Information provided.
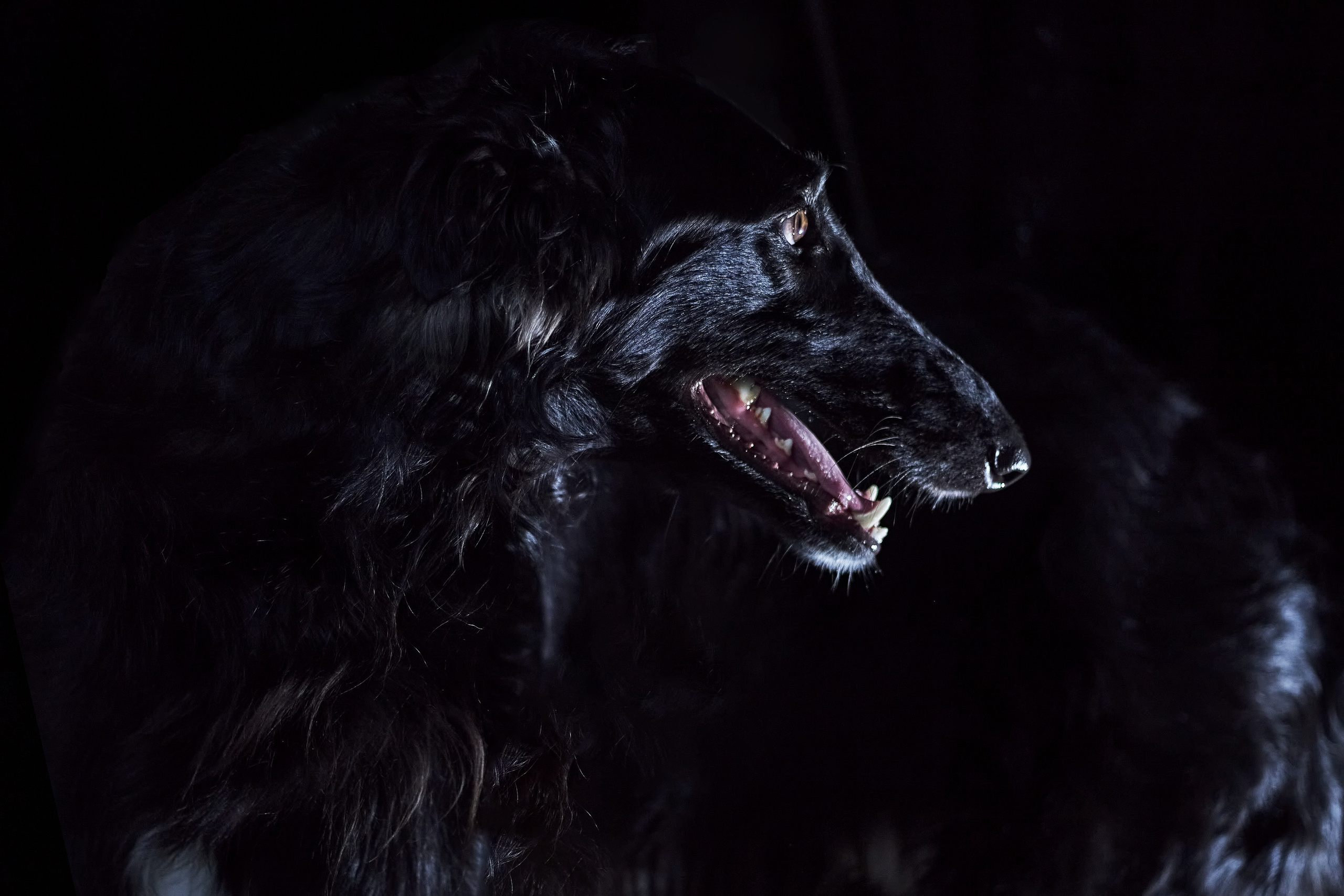 Фотосессия с животными. Фотограф анималист — Тула, Москва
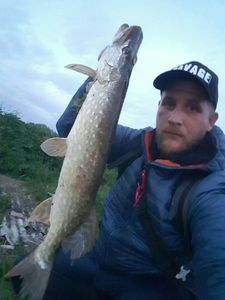 Northern Pike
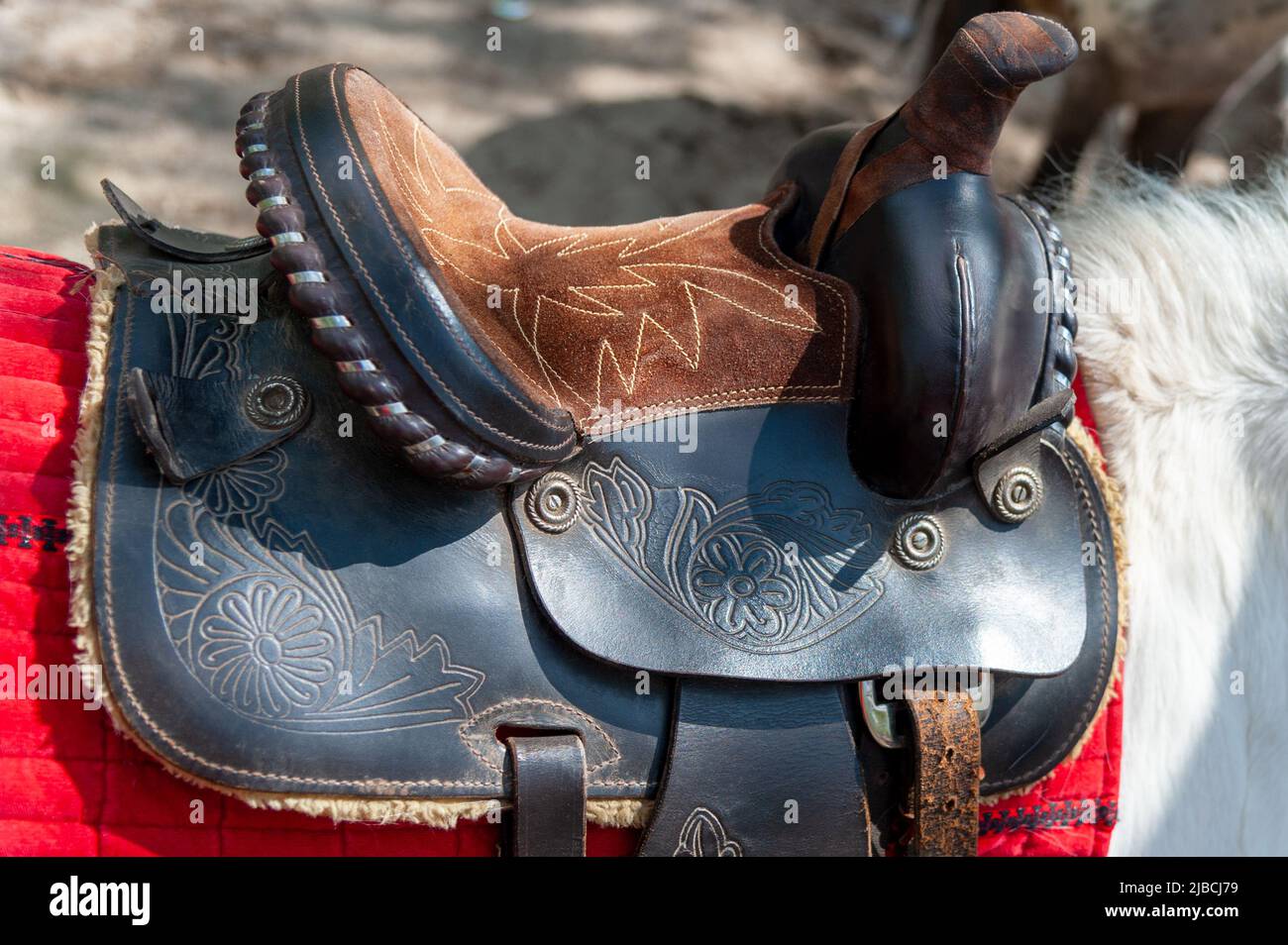 Saddle with stirrups on a back of a horse Stock Photo Alamy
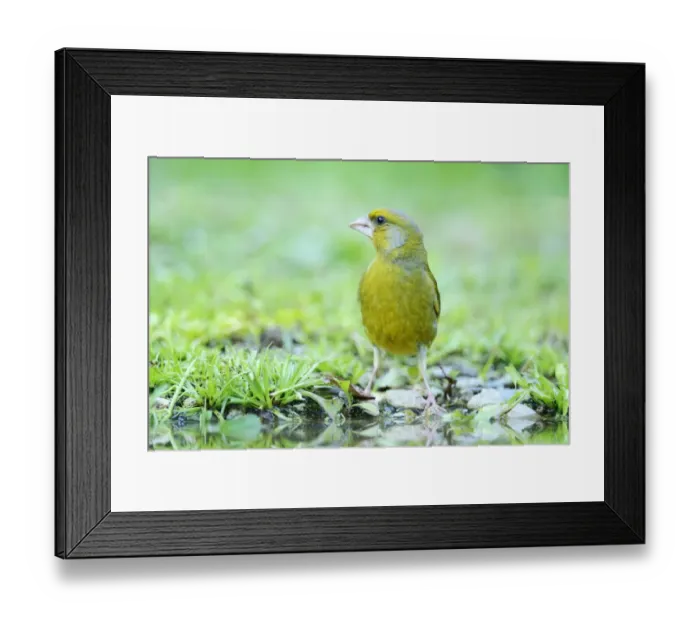 Framed Print : Greenfinch -Carduelis chloris- on the pond shore, Rhodopes, Bulgaria Framed Print : Greenfinch -Carduelis chloris- on the pond shore, Rhodopes, Bulgaria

Assignment. Nothing but the lines from the first line of the data above through the line holding "Saddle with stirrups" may appear in the response, copied exactly and without pictures.

Response to the exercise.
 Фотосессия с животными. Фотограф анималист — Тула, Москва
 Northern Pike
 Saddle with stirrups on a back of a horse Stock Photo Alamy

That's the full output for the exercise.